**About this exercise**
After locating the line with "ASTM F136 Gr4" in the data that follows, return it and every later line exactly, up to and including the line with "Aurskog-Høland kotekart - Sandstein".

**Record set**

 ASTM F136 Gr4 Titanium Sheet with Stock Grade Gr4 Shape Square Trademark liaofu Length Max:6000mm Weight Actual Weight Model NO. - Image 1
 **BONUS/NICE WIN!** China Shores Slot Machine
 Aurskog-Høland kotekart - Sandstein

...

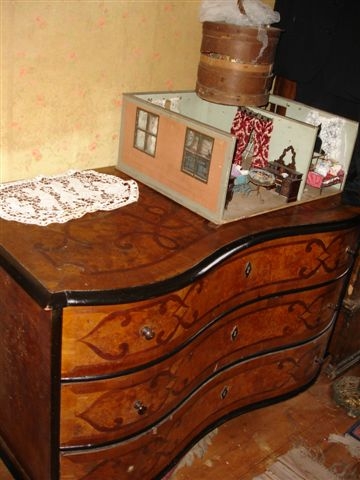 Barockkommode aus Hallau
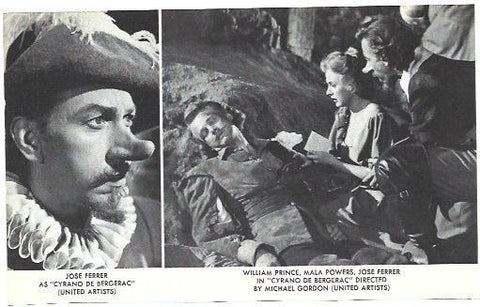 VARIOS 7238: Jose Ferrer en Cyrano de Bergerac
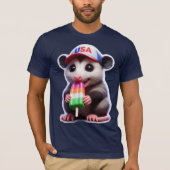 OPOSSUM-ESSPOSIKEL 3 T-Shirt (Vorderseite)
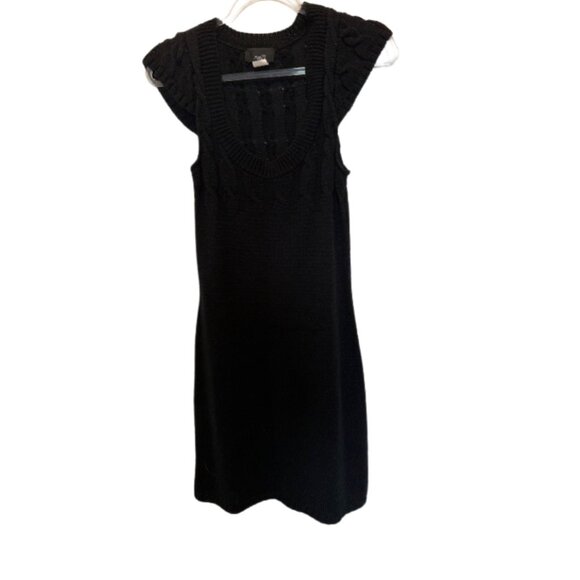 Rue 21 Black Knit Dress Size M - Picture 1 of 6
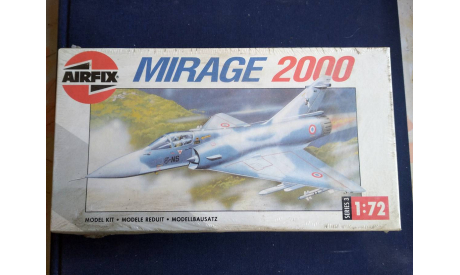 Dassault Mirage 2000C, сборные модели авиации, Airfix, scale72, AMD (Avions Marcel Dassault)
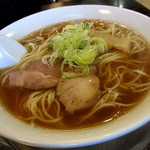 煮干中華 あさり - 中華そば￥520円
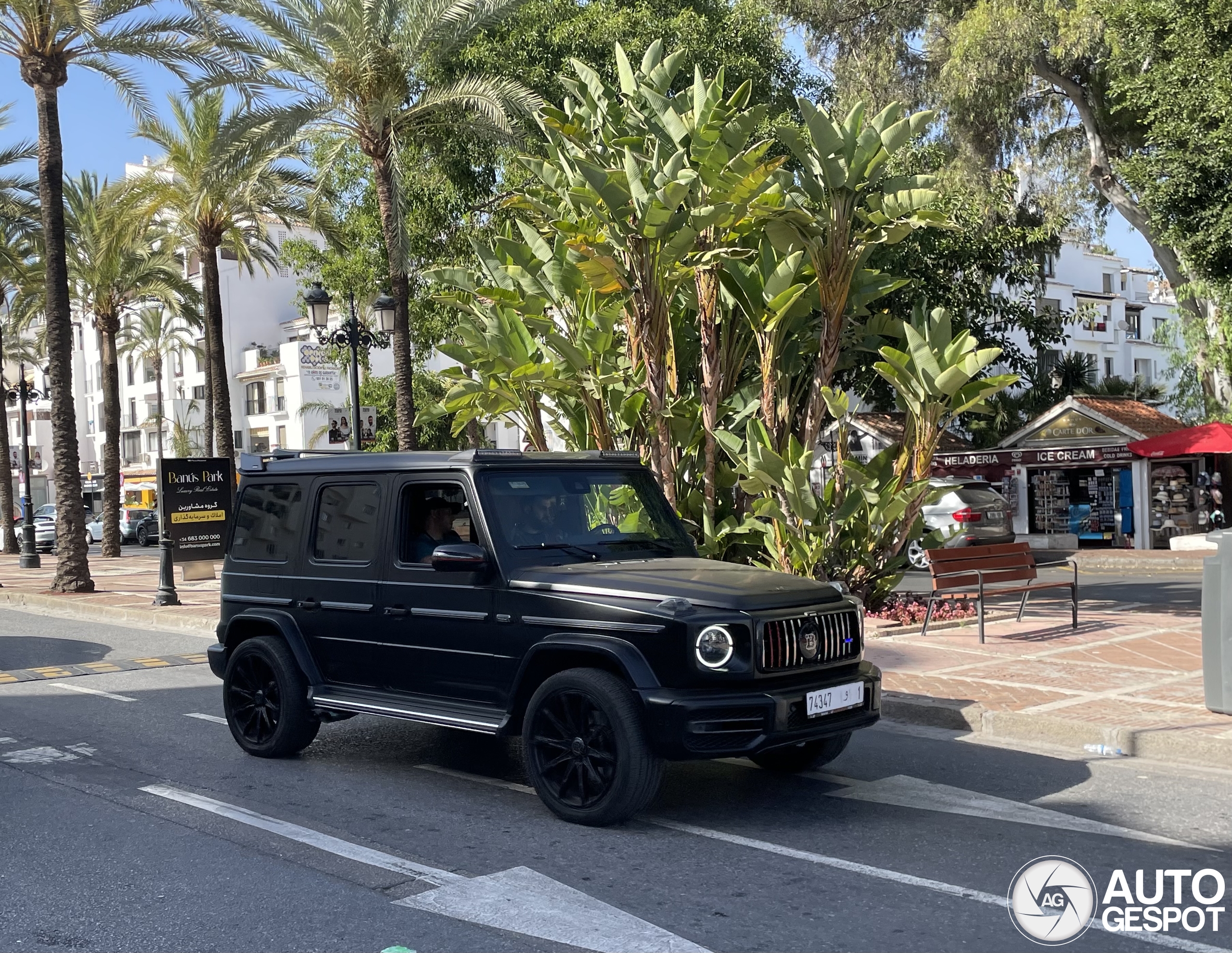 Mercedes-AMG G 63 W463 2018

**Answer to this problem**
 ASTM F136 Gr4 Titanium Sheet with Stock Grade Gr4 Shape Square Trademark liaofu Length Max:6000mm Weight Actual Weight Model NO. - Image 1
 **BONUS/NICE WIN!** China Shores Slot Machine
 Aurskog-Høland kotekart - Sandstein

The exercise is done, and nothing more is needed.